* **Instructions for the task**
Write out exactly the lines from the one containing "ECKREGAL - Braun, Holzwerkstoff/Metall" through the last line of the records below, both included, and leave out any pictures.

(Caption-style text data)
══════════

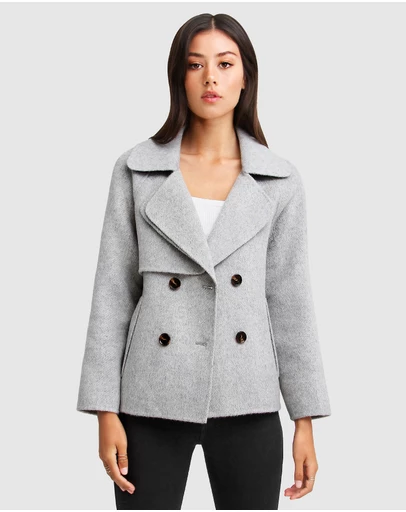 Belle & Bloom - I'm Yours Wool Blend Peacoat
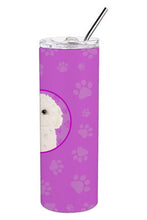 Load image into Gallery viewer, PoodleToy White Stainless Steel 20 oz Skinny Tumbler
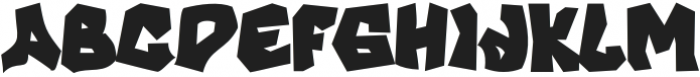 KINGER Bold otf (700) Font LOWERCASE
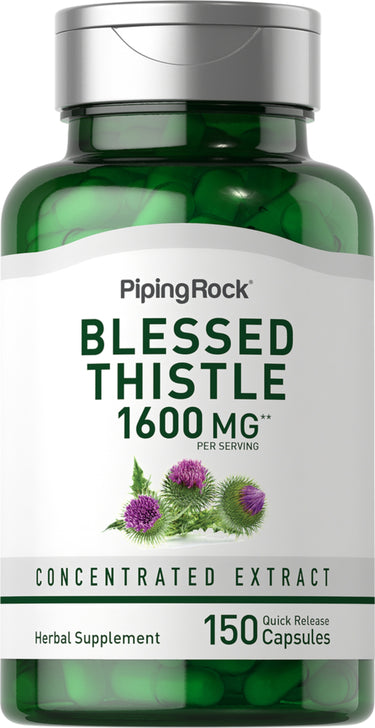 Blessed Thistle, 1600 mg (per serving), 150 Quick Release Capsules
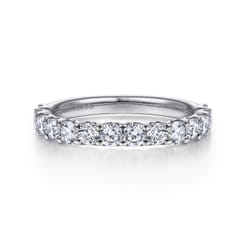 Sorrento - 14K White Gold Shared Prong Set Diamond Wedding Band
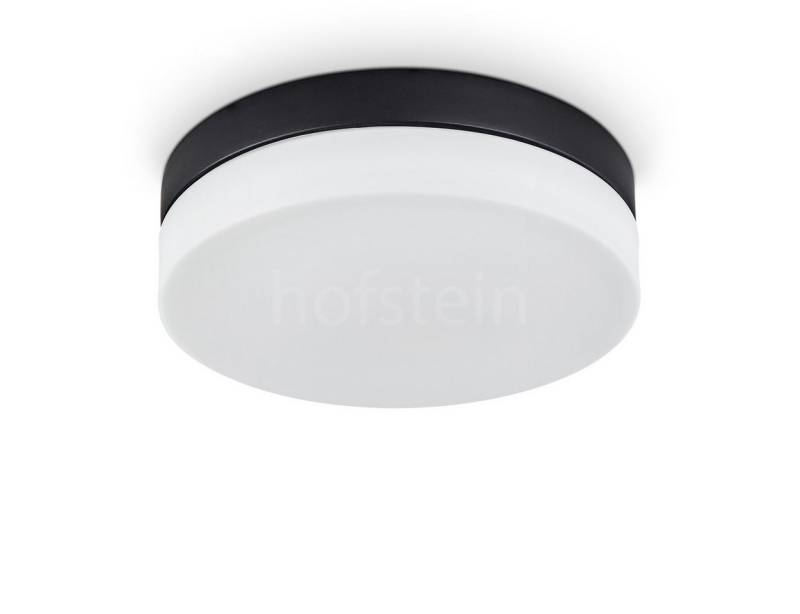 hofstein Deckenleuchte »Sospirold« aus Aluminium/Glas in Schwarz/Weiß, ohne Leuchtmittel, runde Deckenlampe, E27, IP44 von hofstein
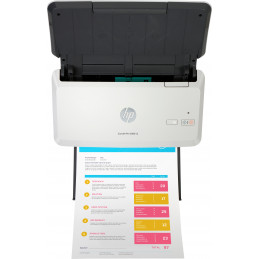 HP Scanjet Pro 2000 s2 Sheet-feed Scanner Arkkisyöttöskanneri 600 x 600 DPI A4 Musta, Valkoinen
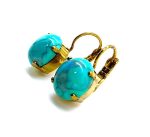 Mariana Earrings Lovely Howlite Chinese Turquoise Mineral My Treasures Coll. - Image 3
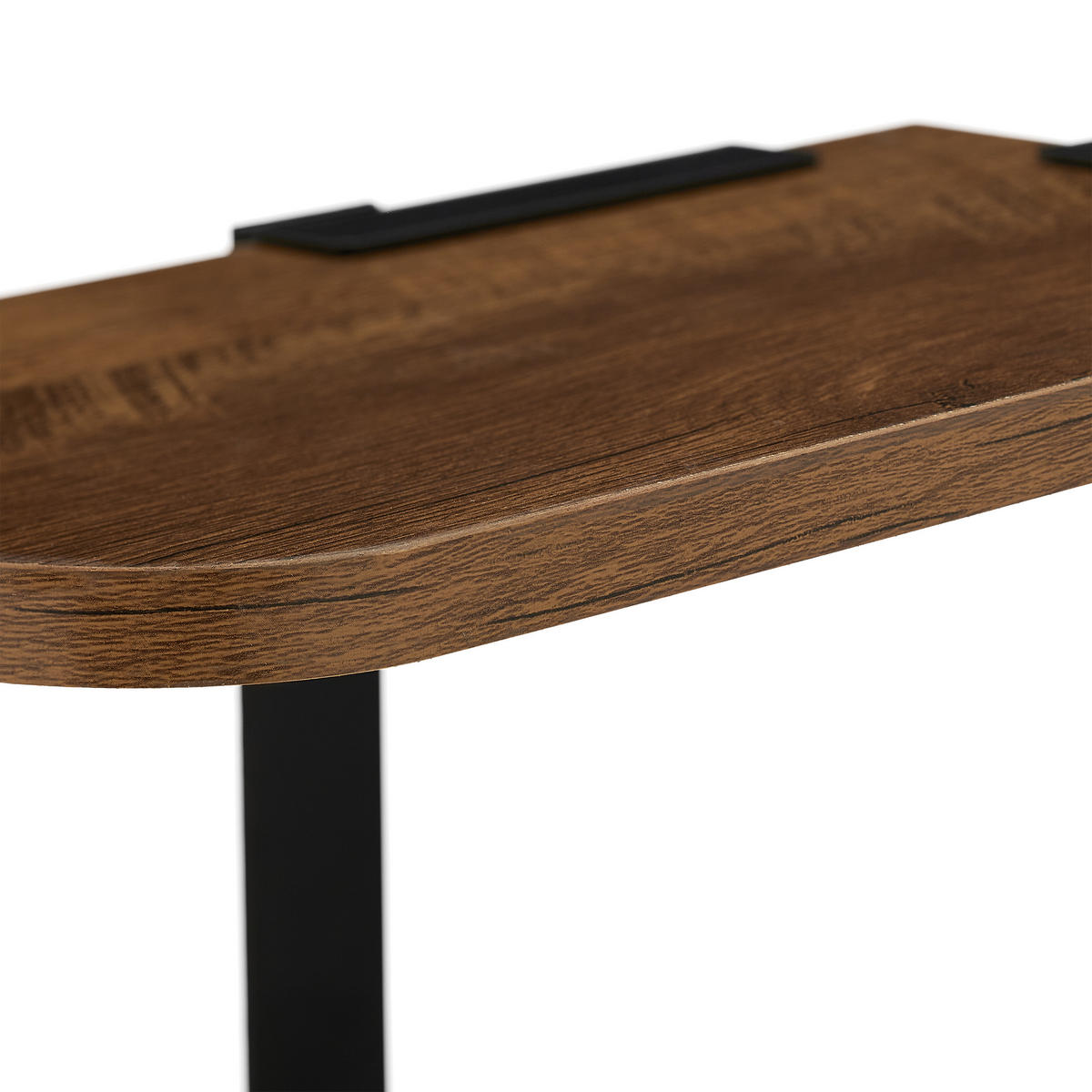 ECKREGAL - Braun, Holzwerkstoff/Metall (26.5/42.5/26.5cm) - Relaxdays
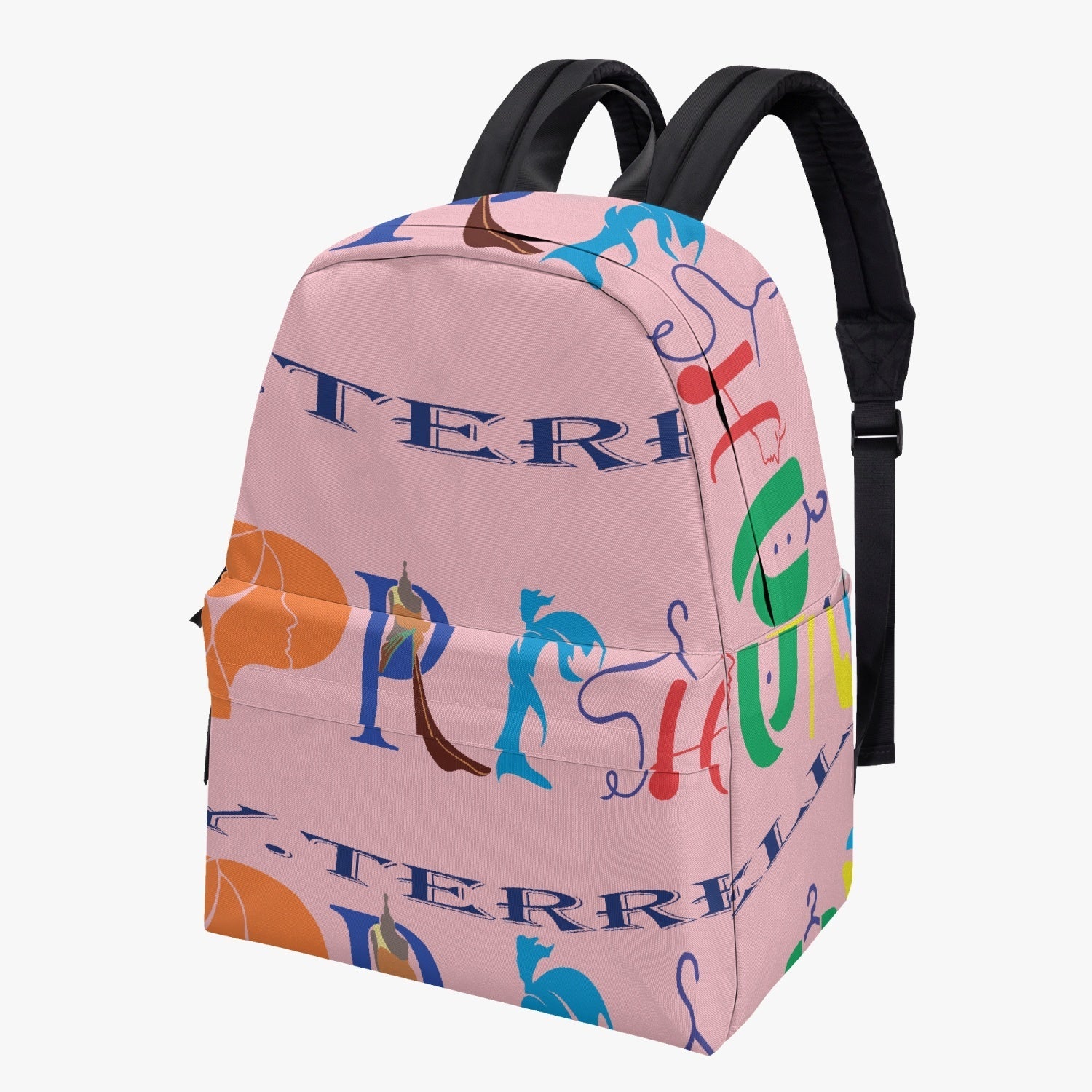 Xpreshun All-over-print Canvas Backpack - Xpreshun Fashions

══════════

* **Answer to this exercise**
 ECKREGAL - Braun, Holzwerkstoff/Metall (26.5/42.5/26.5cm) - Relaxdays
 Xpreshun All-over-print Canvas Backpack - Xpreshun Fashions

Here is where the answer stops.